-- YOUR INSTRUCTIONS --
Say how many lines below contain the word "Local". The number is the entire reply.

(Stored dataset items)
== Segment start ==
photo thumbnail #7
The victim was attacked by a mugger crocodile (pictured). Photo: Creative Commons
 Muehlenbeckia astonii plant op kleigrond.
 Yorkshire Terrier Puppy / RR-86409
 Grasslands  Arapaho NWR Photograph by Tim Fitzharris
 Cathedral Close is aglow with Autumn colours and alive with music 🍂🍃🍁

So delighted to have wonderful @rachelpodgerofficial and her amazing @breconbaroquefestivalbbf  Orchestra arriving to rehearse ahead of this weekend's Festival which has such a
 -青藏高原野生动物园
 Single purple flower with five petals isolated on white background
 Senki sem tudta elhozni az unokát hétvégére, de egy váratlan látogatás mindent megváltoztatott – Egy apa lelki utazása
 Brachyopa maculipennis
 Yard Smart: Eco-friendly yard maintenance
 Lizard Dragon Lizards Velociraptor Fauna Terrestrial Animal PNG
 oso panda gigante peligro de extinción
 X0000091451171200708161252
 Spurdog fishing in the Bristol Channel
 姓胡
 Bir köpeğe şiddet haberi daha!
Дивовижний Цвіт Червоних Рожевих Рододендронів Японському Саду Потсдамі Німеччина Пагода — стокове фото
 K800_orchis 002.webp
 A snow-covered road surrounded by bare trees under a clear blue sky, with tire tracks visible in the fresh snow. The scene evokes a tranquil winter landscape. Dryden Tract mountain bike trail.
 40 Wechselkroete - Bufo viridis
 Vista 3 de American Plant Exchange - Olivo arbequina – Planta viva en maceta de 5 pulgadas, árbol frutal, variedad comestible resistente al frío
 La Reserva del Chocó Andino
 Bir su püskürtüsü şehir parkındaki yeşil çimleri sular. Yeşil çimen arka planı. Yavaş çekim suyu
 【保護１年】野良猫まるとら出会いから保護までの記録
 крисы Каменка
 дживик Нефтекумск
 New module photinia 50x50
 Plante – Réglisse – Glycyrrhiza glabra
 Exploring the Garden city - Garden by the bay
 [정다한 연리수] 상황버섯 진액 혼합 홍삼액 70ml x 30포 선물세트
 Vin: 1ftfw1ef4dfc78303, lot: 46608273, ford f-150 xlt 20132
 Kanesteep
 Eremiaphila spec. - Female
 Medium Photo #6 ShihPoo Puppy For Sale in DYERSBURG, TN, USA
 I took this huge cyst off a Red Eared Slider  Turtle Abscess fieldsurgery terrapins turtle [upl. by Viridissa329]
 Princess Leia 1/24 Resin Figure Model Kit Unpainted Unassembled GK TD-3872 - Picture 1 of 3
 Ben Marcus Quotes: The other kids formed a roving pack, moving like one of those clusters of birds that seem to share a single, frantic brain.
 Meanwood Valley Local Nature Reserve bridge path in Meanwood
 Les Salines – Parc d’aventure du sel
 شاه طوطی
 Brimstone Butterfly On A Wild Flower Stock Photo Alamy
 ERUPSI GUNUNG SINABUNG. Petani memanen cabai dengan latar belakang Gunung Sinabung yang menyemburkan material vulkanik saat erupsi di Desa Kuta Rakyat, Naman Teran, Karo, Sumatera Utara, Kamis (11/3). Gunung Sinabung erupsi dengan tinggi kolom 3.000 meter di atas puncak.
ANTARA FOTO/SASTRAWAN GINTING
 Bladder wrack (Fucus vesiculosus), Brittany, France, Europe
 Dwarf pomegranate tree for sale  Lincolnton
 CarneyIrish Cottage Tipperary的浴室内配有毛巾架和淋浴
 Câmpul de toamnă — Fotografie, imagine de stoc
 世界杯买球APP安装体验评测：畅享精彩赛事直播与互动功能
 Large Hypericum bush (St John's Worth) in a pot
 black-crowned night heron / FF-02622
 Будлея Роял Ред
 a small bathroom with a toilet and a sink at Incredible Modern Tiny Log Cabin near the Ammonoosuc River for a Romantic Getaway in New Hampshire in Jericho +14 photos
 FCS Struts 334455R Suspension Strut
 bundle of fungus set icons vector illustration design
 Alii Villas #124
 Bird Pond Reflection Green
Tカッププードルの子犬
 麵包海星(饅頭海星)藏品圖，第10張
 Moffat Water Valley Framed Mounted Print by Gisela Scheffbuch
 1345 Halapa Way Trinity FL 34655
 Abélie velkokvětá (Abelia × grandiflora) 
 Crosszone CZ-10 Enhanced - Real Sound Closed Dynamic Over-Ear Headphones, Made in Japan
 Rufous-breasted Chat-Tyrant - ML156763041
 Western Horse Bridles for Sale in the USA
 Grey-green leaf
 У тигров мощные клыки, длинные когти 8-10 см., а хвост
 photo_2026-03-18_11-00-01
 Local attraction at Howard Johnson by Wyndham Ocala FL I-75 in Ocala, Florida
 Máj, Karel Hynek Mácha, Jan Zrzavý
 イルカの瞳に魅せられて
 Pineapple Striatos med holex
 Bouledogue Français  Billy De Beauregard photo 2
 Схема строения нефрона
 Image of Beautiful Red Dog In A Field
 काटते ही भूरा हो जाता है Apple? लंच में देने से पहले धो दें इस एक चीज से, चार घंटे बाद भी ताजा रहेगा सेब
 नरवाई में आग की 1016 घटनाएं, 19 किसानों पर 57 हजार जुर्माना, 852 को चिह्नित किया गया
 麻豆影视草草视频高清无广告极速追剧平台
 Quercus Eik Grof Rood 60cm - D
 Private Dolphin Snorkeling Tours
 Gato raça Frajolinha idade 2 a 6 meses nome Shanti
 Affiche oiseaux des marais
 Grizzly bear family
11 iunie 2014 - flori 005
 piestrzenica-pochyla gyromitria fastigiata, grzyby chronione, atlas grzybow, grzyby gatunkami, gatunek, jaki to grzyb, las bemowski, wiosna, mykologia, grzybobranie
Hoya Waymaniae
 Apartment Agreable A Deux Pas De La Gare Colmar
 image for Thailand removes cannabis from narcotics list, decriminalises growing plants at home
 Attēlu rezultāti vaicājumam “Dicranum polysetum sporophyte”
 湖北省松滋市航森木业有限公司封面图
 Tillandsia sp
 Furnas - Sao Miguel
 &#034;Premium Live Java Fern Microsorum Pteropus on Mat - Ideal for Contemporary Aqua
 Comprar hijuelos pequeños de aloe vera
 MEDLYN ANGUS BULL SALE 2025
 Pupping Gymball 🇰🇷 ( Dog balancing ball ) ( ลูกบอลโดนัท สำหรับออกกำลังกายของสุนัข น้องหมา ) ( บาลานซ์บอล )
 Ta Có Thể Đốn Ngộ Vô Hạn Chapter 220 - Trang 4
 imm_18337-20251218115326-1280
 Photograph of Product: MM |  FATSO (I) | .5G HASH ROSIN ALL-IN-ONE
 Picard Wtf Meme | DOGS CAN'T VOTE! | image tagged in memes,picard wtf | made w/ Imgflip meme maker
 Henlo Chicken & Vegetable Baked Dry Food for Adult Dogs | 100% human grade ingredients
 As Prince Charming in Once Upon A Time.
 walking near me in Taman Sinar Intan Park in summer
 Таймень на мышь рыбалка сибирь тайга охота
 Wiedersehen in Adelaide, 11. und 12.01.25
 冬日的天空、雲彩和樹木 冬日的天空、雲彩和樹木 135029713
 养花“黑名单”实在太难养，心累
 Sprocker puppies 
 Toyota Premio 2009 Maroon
== Segment end ==
-- TASK RESULT --
2